Ettie Desborough was a glittering Edwardian hostess, gathering powerful men and lovestruck young admirers into her orbit by (as one contemporary put it) "the magnetic charm of fearless flattery"; she lived in and almost exemplified "The Last Age of Privilege".
She belonged to the class that looked down on bathrooms as common, since one should have enough servants to carry hot water to every bedroom; she expected housemaids to rise at 1.30am to stoke fires; she considered it "fast" to reverse in a waltz; and she could spot the political affiliations of other grandees by their tribal drawls. (The "Devonshire House" pronunciation of "cucumber" was "cowcumber", and "bracelet" became "brasslet".)
The epistolary and conversational style of these grandees is now almost as alien as their accents: Edwardian ladies exclaimed, underlined, flirted, and gushed.
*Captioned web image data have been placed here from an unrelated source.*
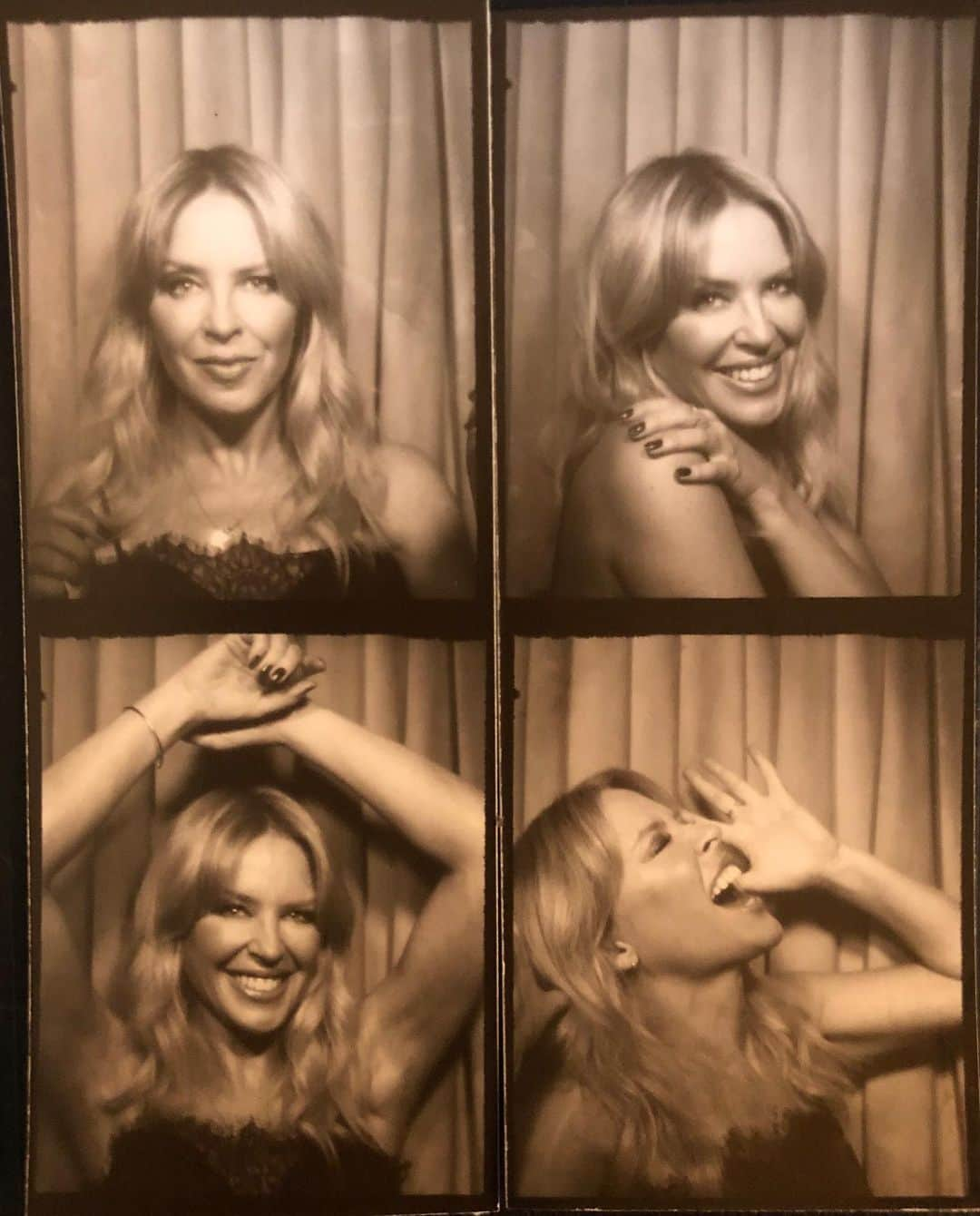 カイリー・ミノーグさんのインスタグラム写真 - (カイリー・ミノーグInstagram)「The Photobooth here at the secret venue for @magicfm is TOTALLY worth visiting! 📸」7月27日 3時50分 - kylieminogue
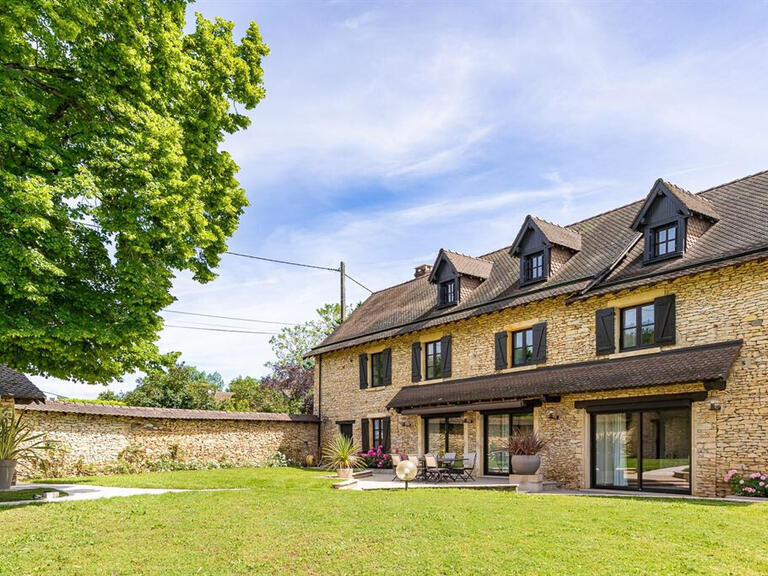 Maison Bourgoin-Jallieu - 5 chambres - 415m²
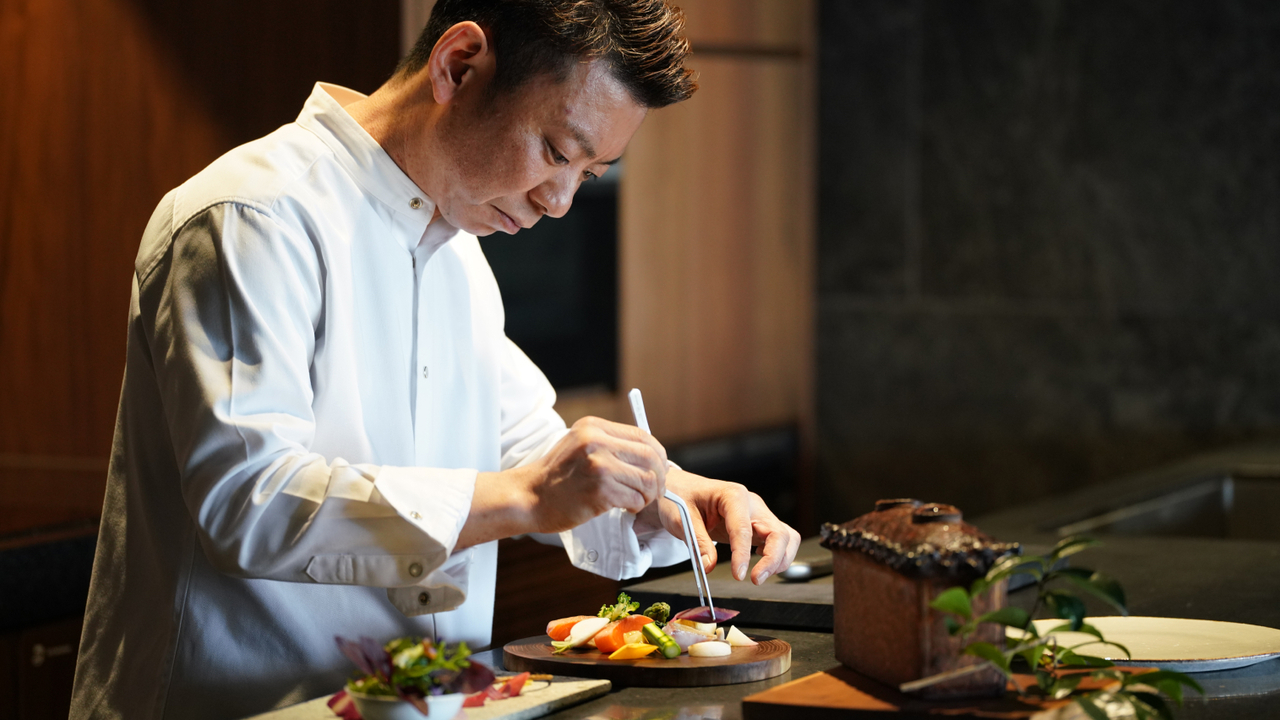 NOT A HOTEL MANAGEMENT株式会社で働く人の写真3枚目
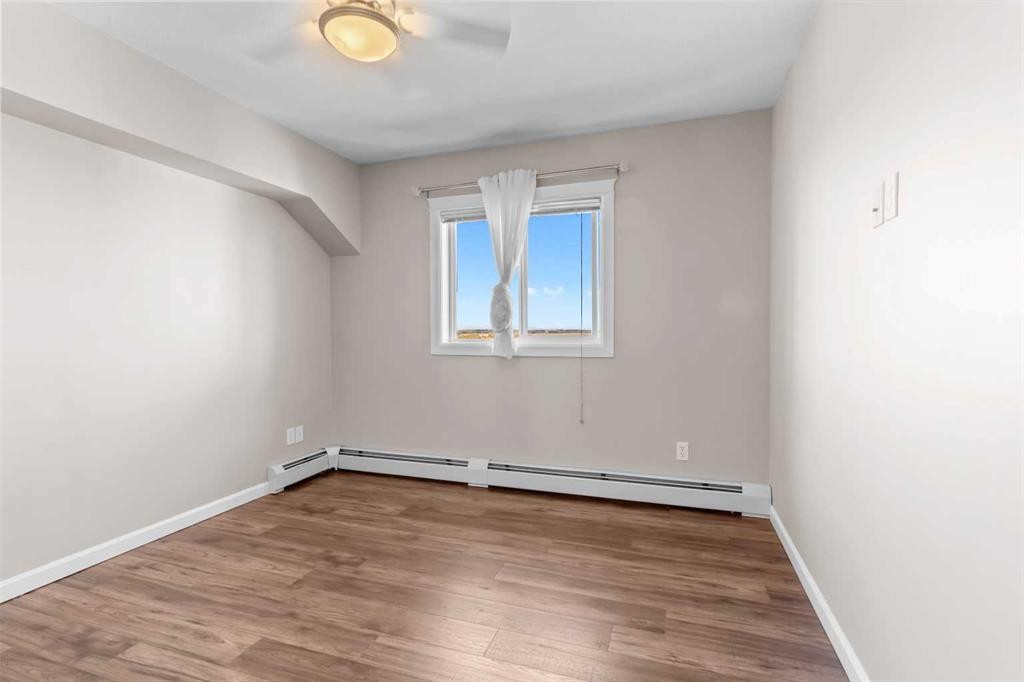412-3 Broadway Rise, Sylvan Lake, AB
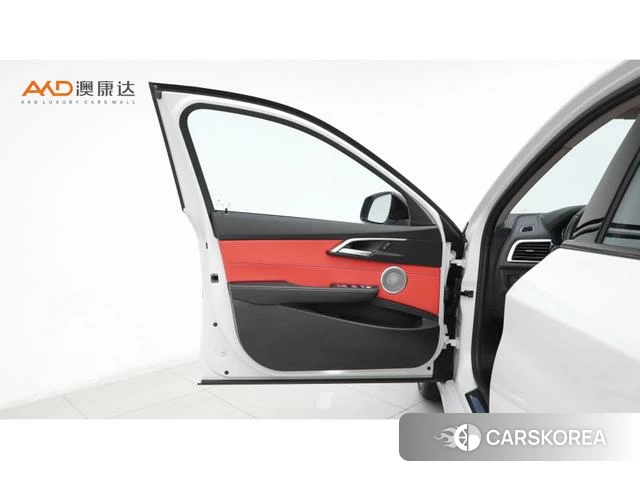 BMW 1 series id 4257905 из Китая 9
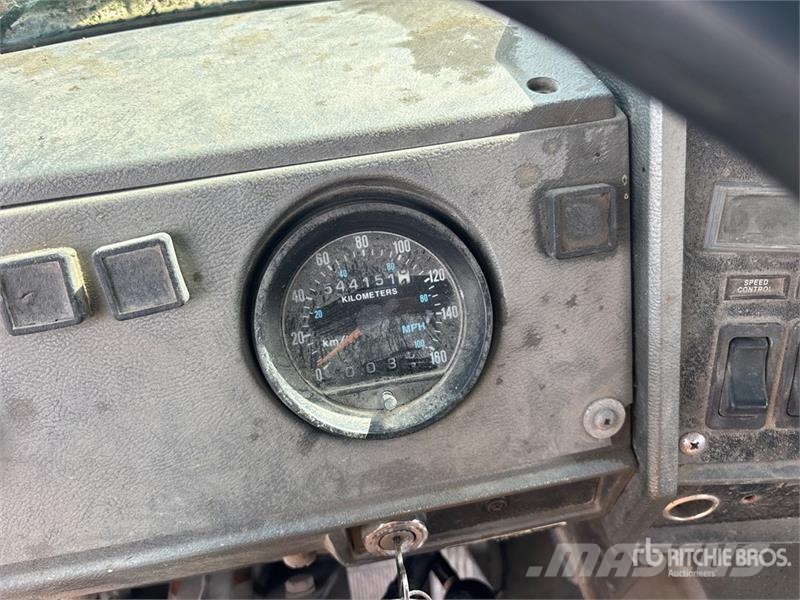 Mack RB690S 8x4 Twin-Steer Mixer Truck 混凝土搅拌车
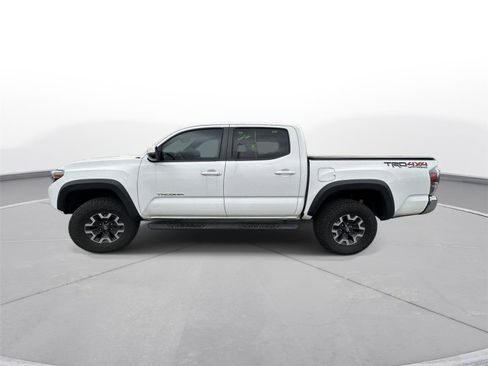 Used 2023 Toyota Tacoma TRD Off-Road image 9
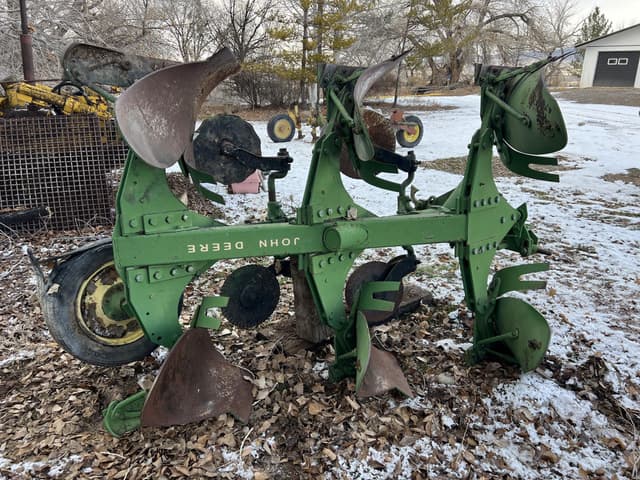Image of John Deere 835 equipment image 4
Davenport-Hines, who has a telling eye for detail, relates how the Desborough family butler, who served them from 1875 to 1943, was once asked to send a telegram accepting an invitation, and faithfully reproduced the family style: "Yes how perfectly wonderful love love love." The recipient, however, was an official of the Thames Conservancy Board.
It was a life spent, as Violet Bonham Carter said, "in the loveliest country houses in England - Wilton - Wrest - Stanway - Panshanger - (what visions those names conjure up to those who knew them, of grey and golden stone, of green lawns in the shade of great trees!)". But "Et in arcadia ego": and Ettie's earliest memory prophetically mingled sweetmeats and grief.